When Morgan Stanley surveyed about 150 clients in September, only 3 percent thought there was a more than 60 percent chance that the euro zone would break up. But only 25 percent of the group, made up primarily of investors, thought the chances of breakup were zero.

Looked at another way, that means 75 percent believed there was a risk of a breakup, however small.

“I have never been advocating a breakup of the euro zone,” said Martin Taylor, former chief executive of Barclays bank, who caused a stir earlier this year with a proposal— “half in jest” — to split the euro into two currency zones, one for the north and one for the south.

But Mr. Taylor added, “If weaker countries don’t behave in a way necessary to sustain the euro zone, it will break up.”

The Ireland crisis has fed speculation about end-game scenarios by again highlighting the fundamental flaws in the euro project. These include the lack of a mechanism for imposing budgetary rigor on the 16 members and the restricted options for members in crisis.

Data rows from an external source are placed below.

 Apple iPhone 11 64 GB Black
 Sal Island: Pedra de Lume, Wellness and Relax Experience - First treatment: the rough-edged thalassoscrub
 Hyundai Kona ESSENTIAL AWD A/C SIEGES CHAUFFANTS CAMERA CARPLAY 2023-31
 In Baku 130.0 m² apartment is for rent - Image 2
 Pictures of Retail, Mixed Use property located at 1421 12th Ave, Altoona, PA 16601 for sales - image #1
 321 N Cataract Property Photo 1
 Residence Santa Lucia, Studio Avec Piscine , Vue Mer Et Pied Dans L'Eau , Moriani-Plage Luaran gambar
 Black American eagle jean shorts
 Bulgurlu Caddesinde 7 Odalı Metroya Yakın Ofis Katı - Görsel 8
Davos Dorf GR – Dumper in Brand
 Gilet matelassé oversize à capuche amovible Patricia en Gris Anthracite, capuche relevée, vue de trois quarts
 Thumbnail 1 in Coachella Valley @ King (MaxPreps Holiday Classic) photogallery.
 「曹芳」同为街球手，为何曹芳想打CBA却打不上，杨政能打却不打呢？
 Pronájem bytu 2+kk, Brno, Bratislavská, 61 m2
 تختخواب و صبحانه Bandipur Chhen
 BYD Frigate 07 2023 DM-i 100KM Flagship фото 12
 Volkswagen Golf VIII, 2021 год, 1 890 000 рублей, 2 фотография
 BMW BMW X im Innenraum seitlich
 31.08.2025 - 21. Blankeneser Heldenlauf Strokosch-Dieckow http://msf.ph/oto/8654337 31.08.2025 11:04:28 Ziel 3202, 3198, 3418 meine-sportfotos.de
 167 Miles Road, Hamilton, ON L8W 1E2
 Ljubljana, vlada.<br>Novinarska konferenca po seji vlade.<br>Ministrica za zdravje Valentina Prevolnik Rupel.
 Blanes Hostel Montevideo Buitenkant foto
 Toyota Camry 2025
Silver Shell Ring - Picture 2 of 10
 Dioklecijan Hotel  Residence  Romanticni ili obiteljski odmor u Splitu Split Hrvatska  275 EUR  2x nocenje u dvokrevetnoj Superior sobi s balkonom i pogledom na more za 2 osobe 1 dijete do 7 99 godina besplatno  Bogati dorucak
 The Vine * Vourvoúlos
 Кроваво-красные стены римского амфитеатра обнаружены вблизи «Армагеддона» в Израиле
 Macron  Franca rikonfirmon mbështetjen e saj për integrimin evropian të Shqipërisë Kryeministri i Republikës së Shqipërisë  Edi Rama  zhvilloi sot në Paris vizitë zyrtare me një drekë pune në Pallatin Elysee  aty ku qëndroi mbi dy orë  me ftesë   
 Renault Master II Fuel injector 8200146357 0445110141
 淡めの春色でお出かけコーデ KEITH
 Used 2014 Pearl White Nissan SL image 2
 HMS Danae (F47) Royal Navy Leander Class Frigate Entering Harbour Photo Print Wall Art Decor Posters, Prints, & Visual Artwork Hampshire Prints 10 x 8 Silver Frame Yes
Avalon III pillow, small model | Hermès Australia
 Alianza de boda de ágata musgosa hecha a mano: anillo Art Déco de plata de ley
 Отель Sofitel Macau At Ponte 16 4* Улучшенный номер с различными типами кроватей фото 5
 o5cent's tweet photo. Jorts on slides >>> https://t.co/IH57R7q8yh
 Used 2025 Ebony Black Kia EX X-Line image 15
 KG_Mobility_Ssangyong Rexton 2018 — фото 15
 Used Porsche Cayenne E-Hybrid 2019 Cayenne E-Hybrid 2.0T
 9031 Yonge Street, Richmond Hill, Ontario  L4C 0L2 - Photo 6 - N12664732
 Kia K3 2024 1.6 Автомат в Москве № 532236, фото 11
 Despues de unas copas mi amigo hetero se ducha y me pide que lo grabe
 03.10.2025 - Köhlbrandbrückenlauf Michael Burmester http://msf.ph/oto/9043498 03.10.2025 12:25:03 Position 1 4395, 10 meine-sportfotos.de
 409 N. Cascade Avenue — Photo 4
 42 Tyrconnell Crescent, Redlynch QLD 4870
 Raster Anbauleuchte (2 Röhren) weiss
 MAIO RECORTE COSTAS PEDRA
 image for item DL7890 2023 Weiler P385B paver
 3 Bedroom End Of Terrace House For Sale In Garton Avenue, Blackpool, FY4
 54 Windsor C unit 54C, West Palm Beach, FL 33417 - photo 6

Ireland, Portugal or Greece have no national currency they can devalue to regain international competitiveness.

“The main factor will be the growth outlook,” said Elisa Parisi-Capone, senior analyst at Roubini Global Economics, which sees a 45 percent risk over the long term that a euro member will quit the club. “If they don’t manage to close or adjust the competitiveness gap, it will be difficult.”

For policy makers and many economists, the consequences of a split in the euro zone are too terrible to contemplate.

Among other things, if a country like Greece tried to reintroduce its own currency, there would be a run on local banks as panicked depositors tried to withdraw strong euros before they were converted to weak drachmas. If Ireland left, it would lose crucial support for its ailing banks from the E.C.B.

The remaining countries would also suffer. Germans, French, Dutch and others have invested much of their savings in southern Europe. And Europe would no longer have a currency with a stature to rival the dollar.

“Do we have an interest in going back to 16 currencies? I don’t see it,” said Michala Marcussen, global head of economic research at Société Générale in London.

The ensuing unrest could shake the whole European Union, and threaten its mission — born of the horrors of two world wars — of ensuring peace by yoking countries together economically.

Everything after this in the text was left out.